**What to do:** When writing out the entries below, keep only the lines from the line with "Generation Lighting - CO1214HTCP" to the line with "GENERICO - Pintura", both included, exactly as they are, and leave the pictures aside.

**Data under study:**
[Start of section]

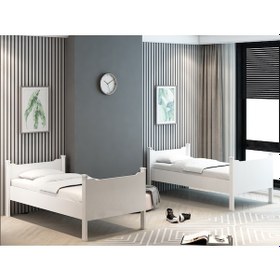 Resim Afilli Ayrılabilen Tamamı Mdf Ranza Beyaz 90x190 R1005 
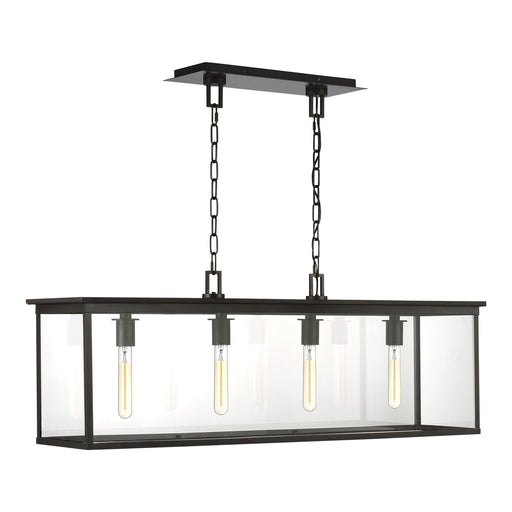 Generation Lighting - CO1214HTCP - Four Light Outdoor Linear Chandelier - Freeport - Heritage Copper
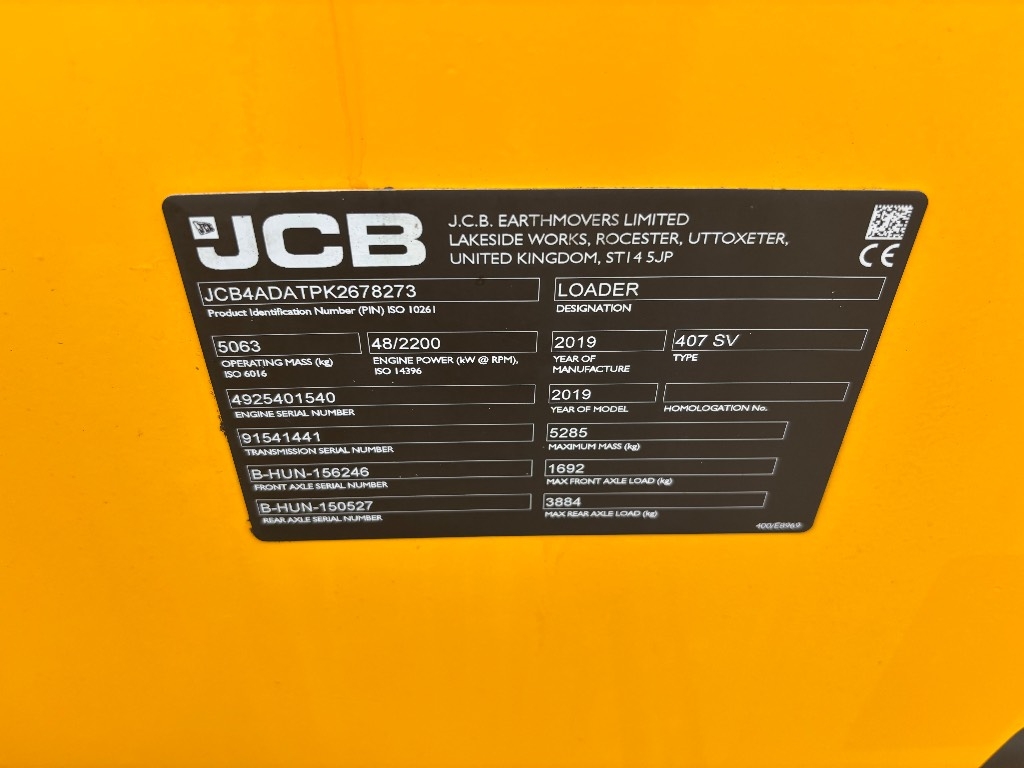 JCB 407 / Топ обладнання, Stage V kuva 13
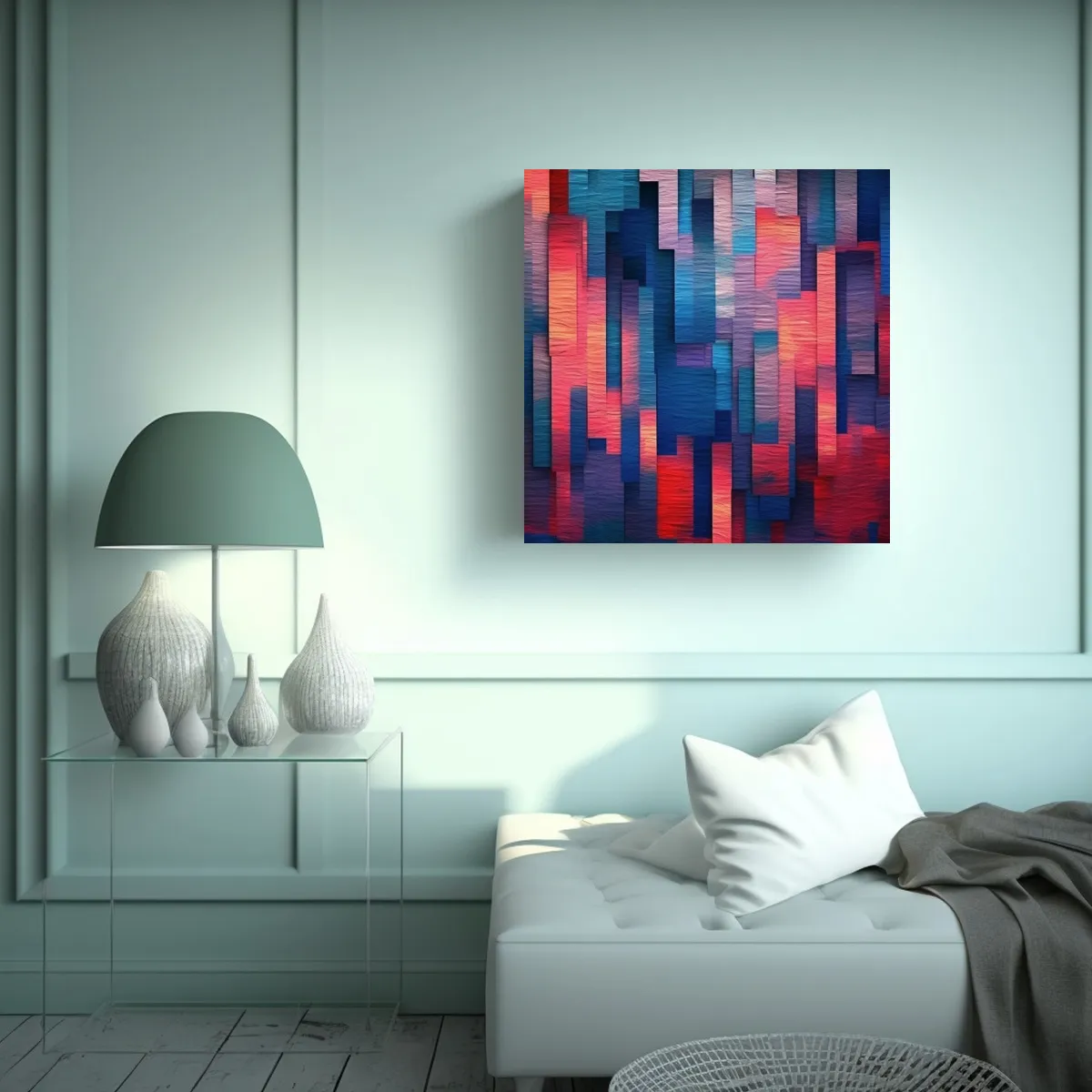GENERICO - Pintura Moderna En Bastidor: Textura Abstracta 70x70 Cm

[End of section]
[Start of section]

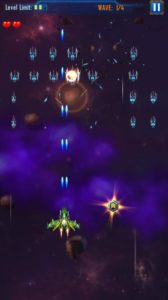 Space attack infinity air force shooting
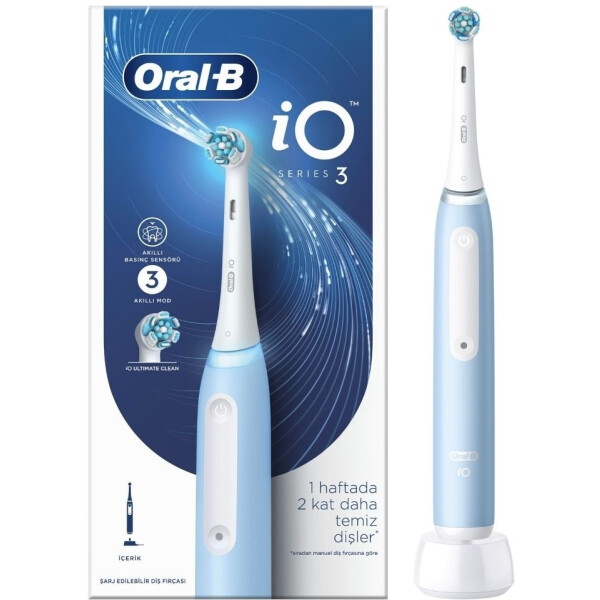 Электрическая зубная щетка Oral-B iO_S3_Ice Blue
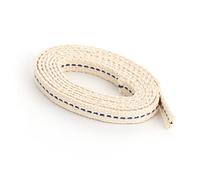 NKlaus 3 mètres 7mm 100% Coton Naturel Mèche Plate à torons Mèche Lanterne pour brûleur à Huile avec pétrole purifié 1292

[End of section]

**Answer box:**
 Generation Lighting - CO1214HTCP - Four Light Outdoor Linear Chandelier - Freeport - Heritage Copper
 JCB 407 / Топ обладнання, Stage V kuva 13
GENERICO - Pintura Moderna En Bastidor: Textura Abstracta 70x70 Cm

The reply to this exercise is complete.